厚生労働省は3月17日、今国会に提出する働き方改革関連法案を一部修正する方針を固めた。
働く人の健康管理に役立てるため、法律で企業に勤務時間の把握を義務付ける。
当初は省令で規定する予定だったが、健康確保措置の強化にこだわる公明党の要請を受け、法律に格上げする。
労使の代表と調整した上で、3月下旬に与党に正式提案する。
具体的には、労働安全衛生法に基づく医師の面接指導を受けるため、企業が働いた時間を客観的に把握するよう定める。

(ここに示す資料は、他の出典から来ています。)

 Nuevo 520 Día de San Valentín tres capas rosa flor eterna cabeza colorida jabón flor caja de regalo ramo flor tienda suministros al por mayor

把握の手段としては、職場の出退勤ゲートや業務用のパソコンの記録などを想定。
現行制度でも、指針の形で同様の対応を求めている。
全ての労働者を対象とするが、主に労働基準法で定める時間規制が適用されない管理職や、厳密な管理が難しい裁量労働制の人の健康に配慮した措置。

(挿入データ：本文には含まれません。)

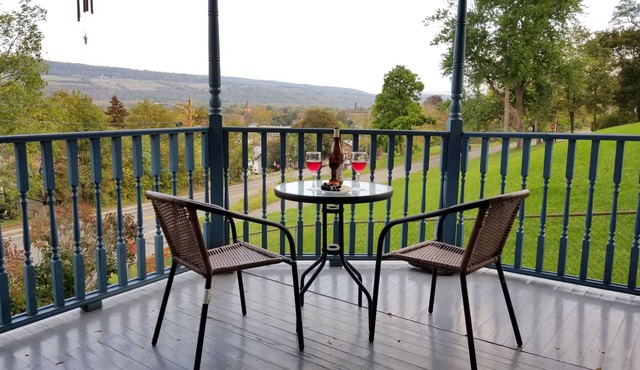 Spacious Sanctuary In The Heart Of Fingerlakes Wine Country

賃金支払いの根拠となる労基法の厳密な時間管理とは異なり、違反した場合も罰則はない。
法案は残業時間に罰則付きの上限を設ける内容や、非正規労働者の処遇改善に向けた「同一労働同一賃金」導入などが柱。
政府は厚労省の労働時間調査に不適切なデータ処理や異常値が多数見つかったことを踏まえ、当初予定していた裁量労働制に関する改正の全面削除を決めた。
公明党は削除される部分に労働者の健康確保措置の強化も含まれていたことから、代替策を盛り込むよう厚労省に求めていた。